My account is inspired by Owens’ extraordinary book. I do not want to in any way diminish what it accomplishes, and the way her book forces us to see the broader context of counter-insurgency and liberalism. The danger is, for me, where Owens begins her book. Owens says she is in search of an ‘ontology’ of domesticity. However neither the Roman beginnings of the oikos – a home of women, slaves, and animals – nor the European beginnings of the social organized around class and patriarchy, and later, empire, are sufficient to locating this ontology. Neither history can help us understand the constitution of domesticity in settler colonial orders, where the making of the domestic was often a literal process of domesticating and eradicating people thought to be incapable of commodious living. (Shapiro, 175) An American or Australia or South African oikos bears the marks of horrifically violent practices, which in turn give birth to rationalized practices of counter-insurgency.

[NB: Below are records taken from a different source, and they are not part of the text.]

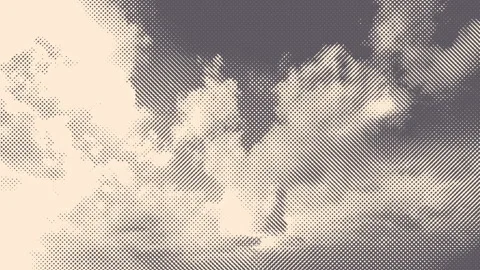 Cloudscape in a retro style grid of dots, like a comic animated. Stock Footage 150736311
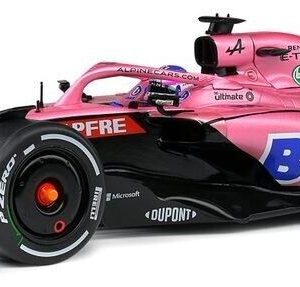 voiture de course formule 1 rose et bleu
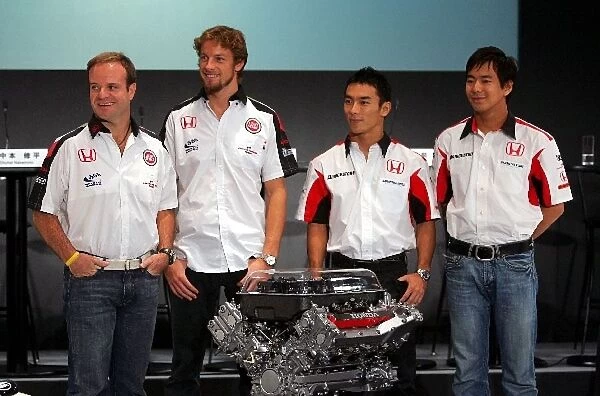 Honda F1 Racing Press Conference: L-R: Rubens Barrichello Honda Racing; Jenson Button Honda Racing; Takuma Sato Super Aguri F1; Sakon Yamamoto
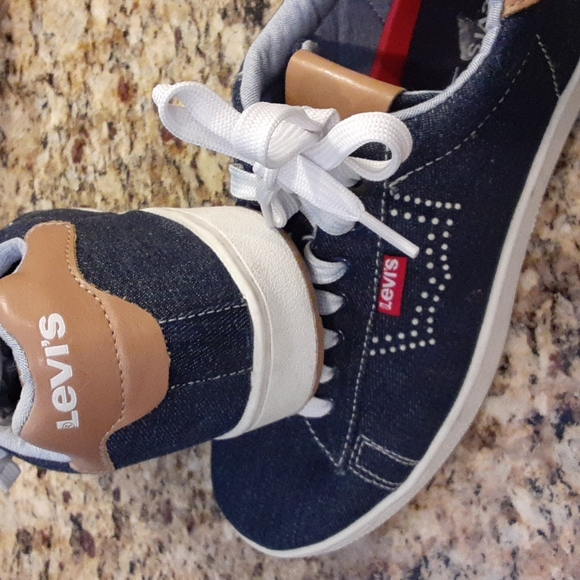 Shoes | Levi Blue Denim Sneakers | Poshmark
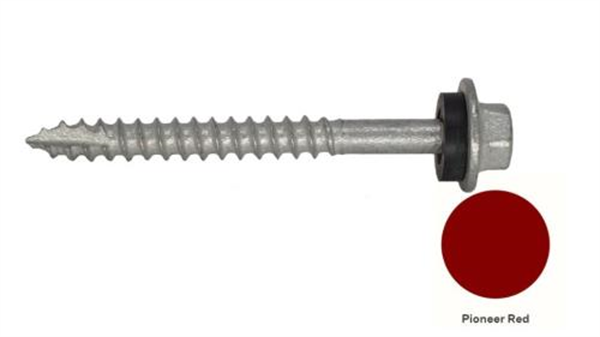 12G-11x55mm Hex Head Self Drilling Timber Screw - Galv + Seal - PIONEER RED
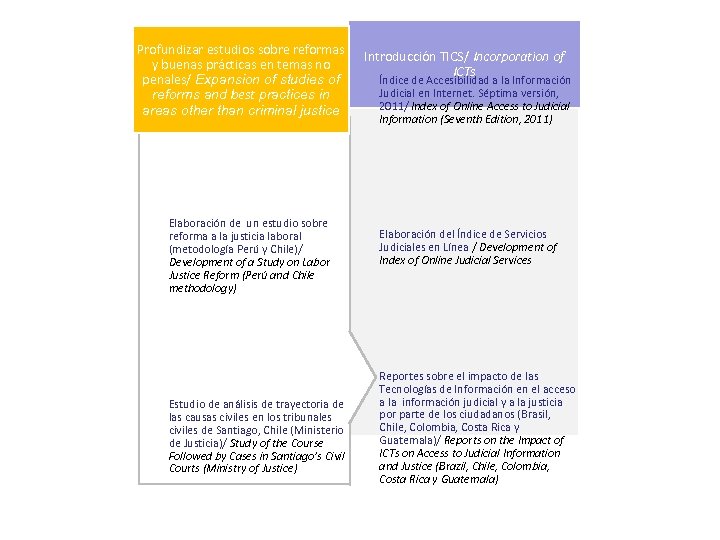Profundizar estudios sobre reformas y buenas prácticas en temas no penales/ Expansion of studies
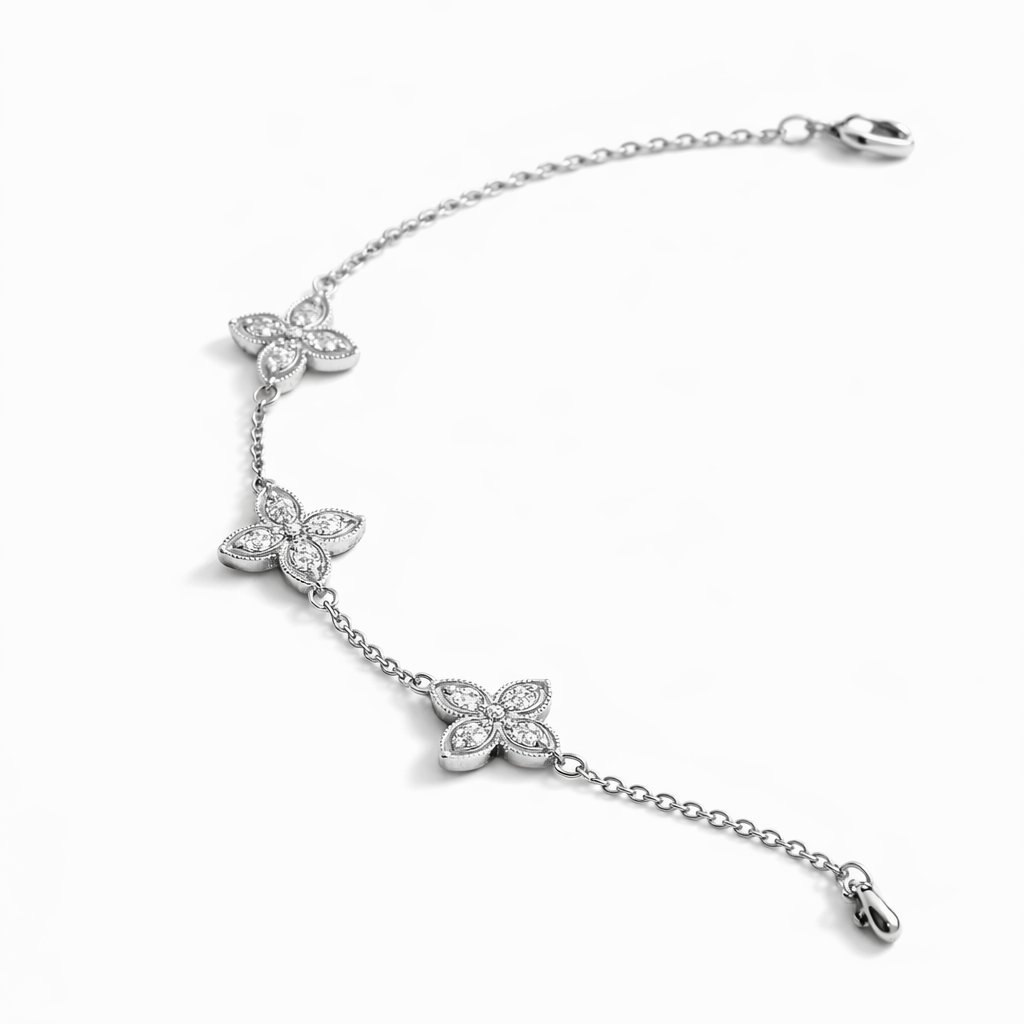Floral Outline Gold Bracelet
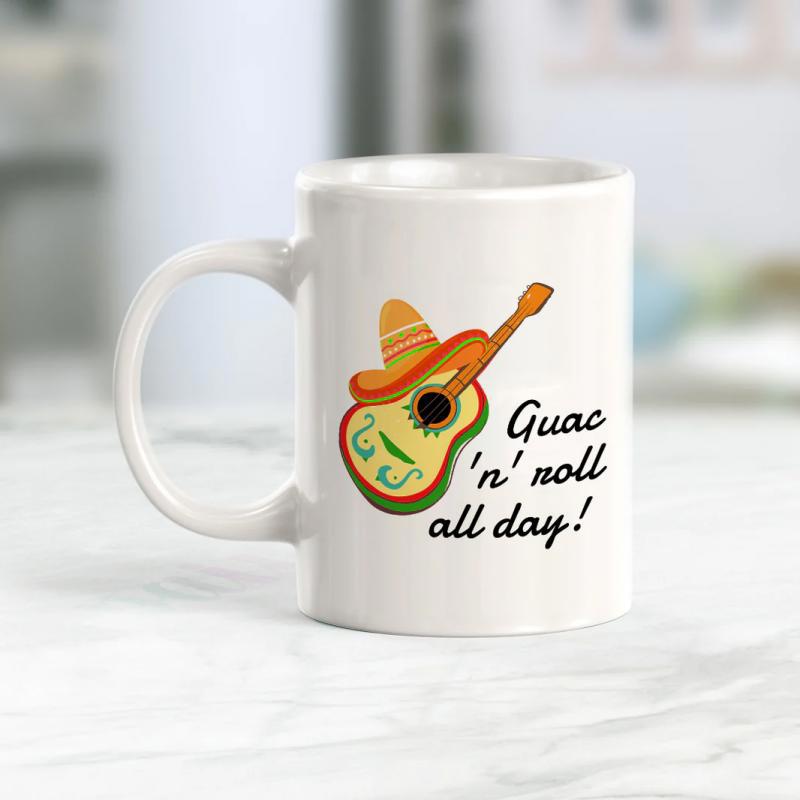 Tailorly White Ceramic 11 oz Mug - Guac N Roll All Day Festive Avocado Shaped Musical Instrument Wearing A Traditional Mexican Hat Guitar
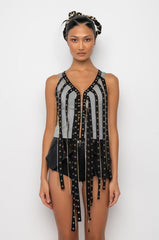 FINESSE EMBELLISHED FRINGED TANK TOP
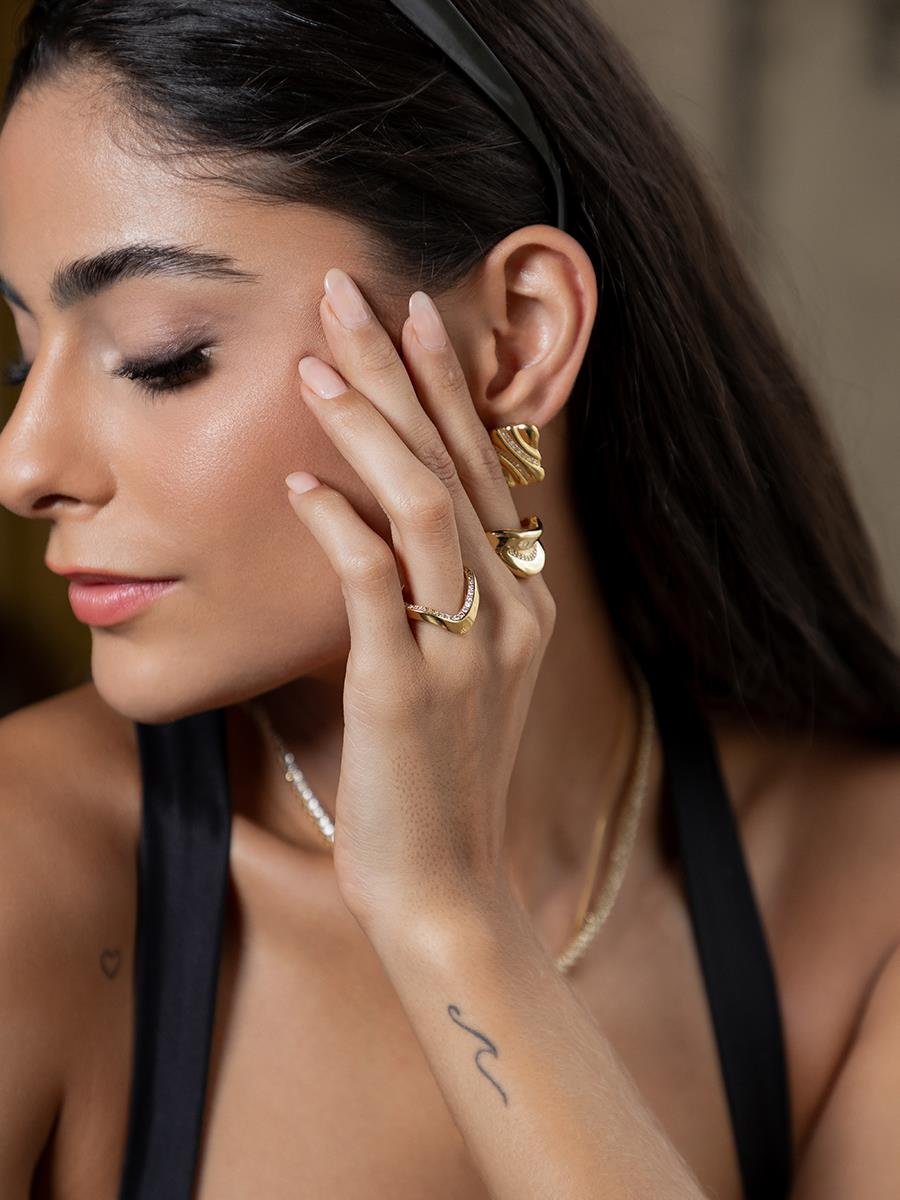 Brinco Retangular Liso e Cravejado | Banhado a Ouro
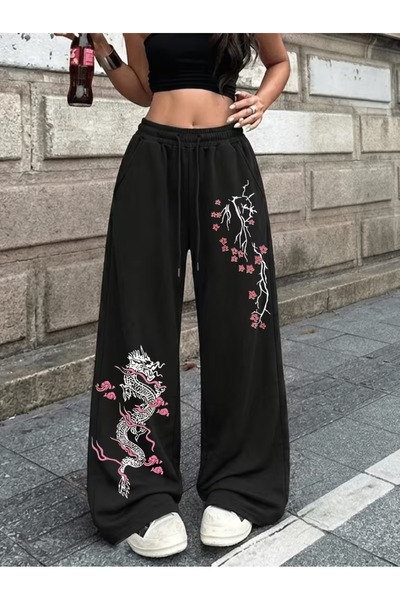 Toum Japan Sakura Printed Oversize Baggy Sweatpants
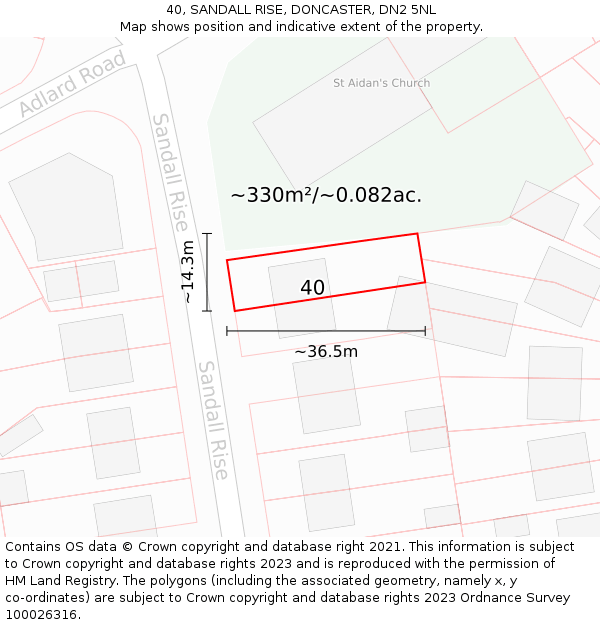 40, SANDALL RISE, DONCASTER, DN2 5NL: Plot and title map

The famed brutality, and therefore continued market value of former members of the South African Apartheid military amongst private military organizations, is a reminder of this fact (Hoffman, 2013)
Despite the critical methodology of Owens’ book, case selection still matters, and the more humble search for homologies does not prevent homogenization. In some sense, the different histories of each state’s version of counter-insurgency matters, and the emphasis on similarities that can be traced back to common intellectual origin risks effacing these differences. For me, the U.S. and other settler colonial states that remain in the world today are not states that sometimes employ counter-insurgency, like their British and French peers. The U.S. was created through counter-insurgency and will always be a counter-insurgency state, whether those techniques are being practiced in the streets of Ferguson, Missouri, the Pine Ridge Indian Reservation, or the drone routes of the Federal Administered Tribal Areas of Waziristan.
Owens book concludes with the dead end of social theory for International Relations, and the prospect of a replacement discourse that could take on the political without the limitations of domesticity, which is the inherited despotism of the home. I eagerly await that book, but I am left wondering if such a clean break can be made when theorizing the politics of states that are primarily invested in the violence of domestication.